Akio Toyoda, appointed to the top job at Toyota in June, promised to beef up quality control, saying, “We are facing a crisis.” Toyoda, grandson of the company’s founder, said he personally would head a special committee to review checks within the company, go over consumer complaints and listen to outside experts to come up with a fix.
“I apologize from the bottom of my heart for all the concern that we have given to so many customers,” said Toyoda, speaking at his first news conference since the Jan. 21 global recall of 4.5 million vehicles.
Toyota’s failure to stem its widening safety crisis has stunned consumers and experts who had come to expect only streamlined efficiency from a company at the pinnacle of the global auto industry.
“Toyota needs to be more assertive in terms of providing consumers comfort that the immediate problem is being addressed . . . and that it can deal with these crises,” said Sherman Abe, a business professor at Hitotsubashi University in Tokyo.

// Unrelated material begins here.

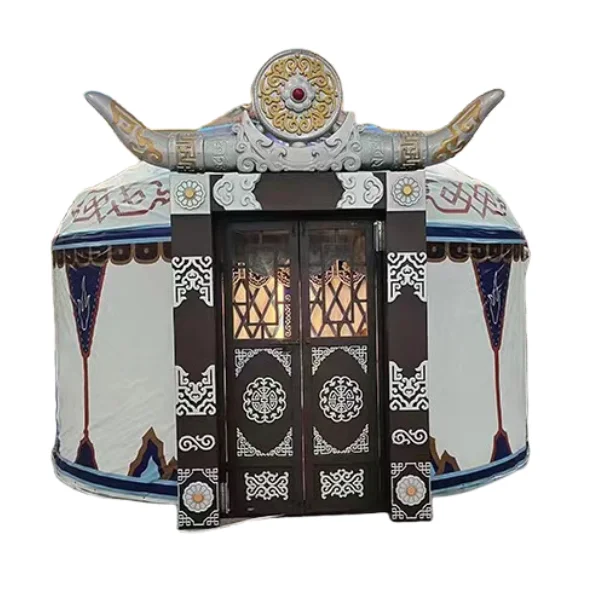 Luxury Mongolian yurt bags made to order windproof prefab mongolian yurt ger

It took prodding from the U.S. government for Toyota to recall the vehicles, about half of them in North America, for gas pedals that can stick and cause sudden acceleration.
Asked if he should have acted more quickly, Toyoda replied in hesitant English: “I will do my best.”
Also, Safety Research and Strategies of Rehoboth, Mass., issued a report saying Toyota and the government must look closely at vehicle electronics for a cause of the acceleration.
According to the report issued Friday, there is evidence that Toyota and the National Highway Traffic Safety Administration have not identified all causes of the problem, which they have blamed on sticky accelerators and floor mats that can bend on top of gas pedals and press them down.